Continued unblogging
So I’m definitely not back to regular blogging—OK, I’ve never managed to blog very regularly, but anyway, I’m definitely not prepared even for monthly blogging at this point. We’ll have to see how it goes when my semester ends in a couple weeks. In the meantime, I’ve decided to join the world of Web 2.0 and start participating in Flickr (see also the rose and steven group) and del.icio.us. So far I’ve only uploaded the photos from our trip to New Orleans and many photos of our pet cat.
As long as I’m writing, I might as well write a little more. I think the only movie other than Brokeback Mountain that Rose and I have seen in a theater this year is V for Vendetta. Oh, no, we also saw Tristram Shandy: A Cock and Bull Story. I need to read Laurence Sterne’s novel so I can understand how it works as an adaptation, but it works well standing alone too. As far as this kind of movie goes, I think it’s more frivolous than 8½ and probably less frivolous than Adaptation.

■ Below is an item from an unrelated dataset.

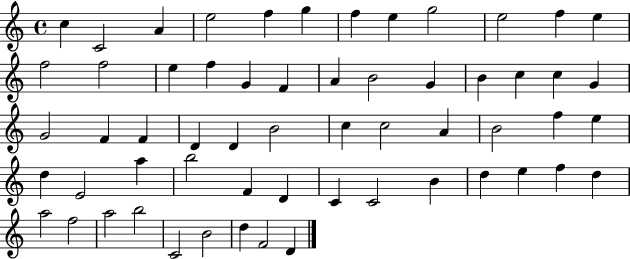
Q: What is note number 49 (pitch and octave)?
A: F5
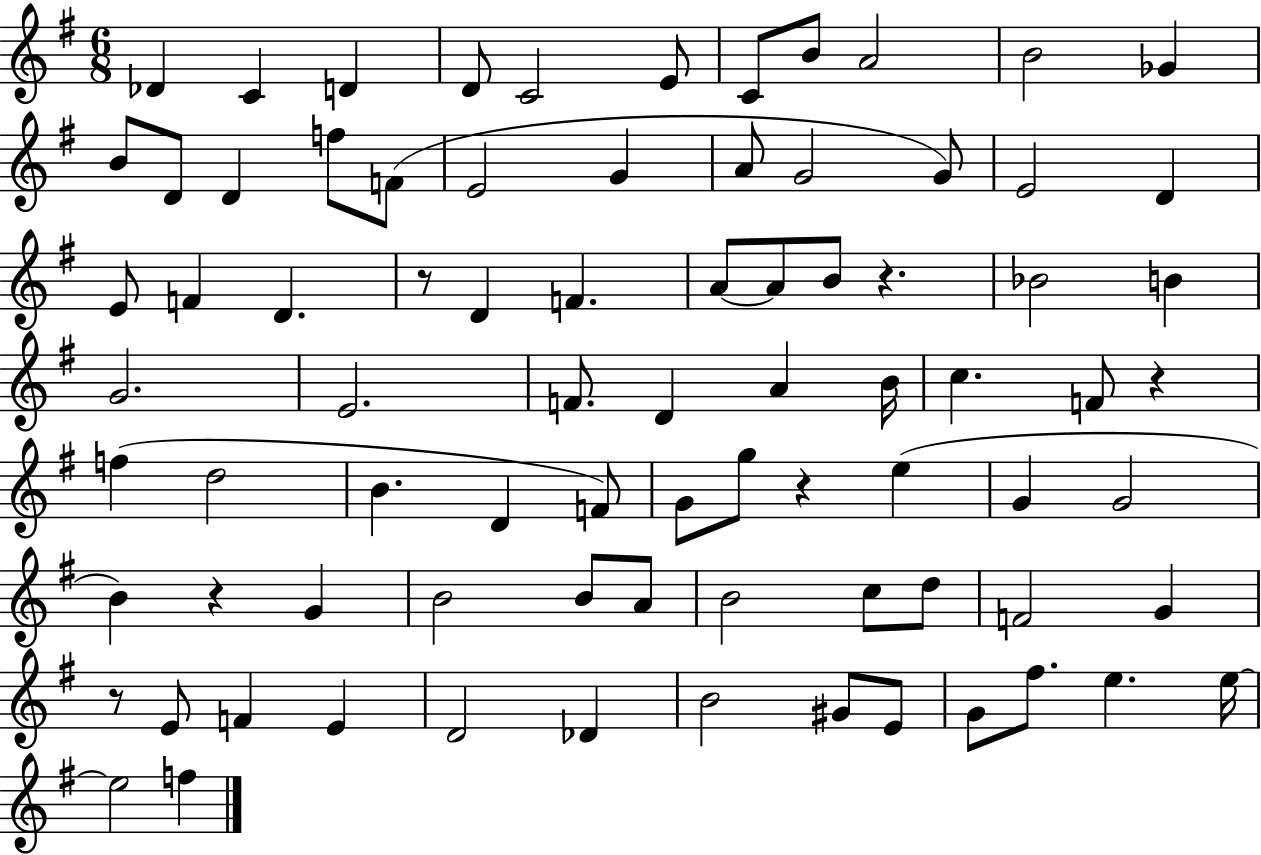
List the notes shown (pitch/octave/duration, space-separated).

Db4/q C4/q D4/q D4/e C4/h E4/e C4/e B4/e A4/h B4/h Gb4/q B4/e D4/e D4/q F5/e F4/e E4/h G4/q A4/e G4/h G4/e E4/h D4/q E4/e F4/q D4/q. R/e D4/q F4/q. A4/e A4/e B4/e R/q. Bb4/h B4/q G4/h. E4/h. F4/e. D4/q A4/q B4/s C5/q. F4/e R/q F5/q D5/h B4/q. D4/q F4/e G4/e G5/e R/q E5/q G4/q G4/h B4/q R/q G4/q B4/h B4/e A4/e B4/h C5/e D5/e F4/h G4/q R/e E4/e F4/q E4/q D4/h Db4/q B4/h G#4/e E4/e G4/e F#5/e. E5/q. E5/s E5/h F5/q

But V for Vendetta. We weren’t initially planning to see it, because it looked pretty stupid. But William Gibson recommended it and John Pistelli at Maxims and Reflections had a whole series of entertaining posts (“Ideas are Bulletproof,” “Re-review,” “Brands are Ideaproof,” “A Shamanic Soldier Priest” [tangentially related]) that really made me want to see the movie. So I did. Twice, in fact: once on my own because Rose was otherwise occupied and then again with Rose. I think Alan Moore’s book doesn’t translate well to cinema—it might have worked better as a much longer movie or a miniseries. It needs an ensemble cast and time to develop several protagonists. The movie jettisons pretty much everything from the book except V’s story and follows a more conventional heroic adventure format that misses much of the book’s political sophistication. I guess Evey’s story is largely intact, especially her imprisonment, but it suffers in comparison with Evey’s story in the book. Movie Evey is older than Book Evey, and this allows her to be less dependent on V. But the filmmakers replace Book V and Book Evey’s coercive power-imbalanced relationship with a more conventional romantic subplot that appears unexpectedly and arbitrarily near the end of the movie. (I certainly wasn’t expecting that kiss, anyway.) I prefer the movie’s less Stockholm Syndrome-esque version of Evey’s escape from prison, but I prefer the book’s less sentimental version of Evey’s final crisis and climax after V’s death.
Other V for Vendetta thoughts, maybe for writing about in the future:
- The prologue and epilogue with Evey admonishing the viewer that the man is more important than the man’s ideas: why do the filmmakers undermine V’s claim that ideas are bulletproof?
- The surprising prosperity and invisibility of class and poverty in this fascist dystopia which lost at least several tens of thousands people from its population to plague and genocide, in a world where the U.S.A. has disintegrated into civil war and the Middle East has presumably done the same or been destroyed entirely. I’m sure it’s U.S. culture’s typical blindness to economic inequality—everybody’s middle class in TV land—but it seems especially egregious in such a political polemical movie.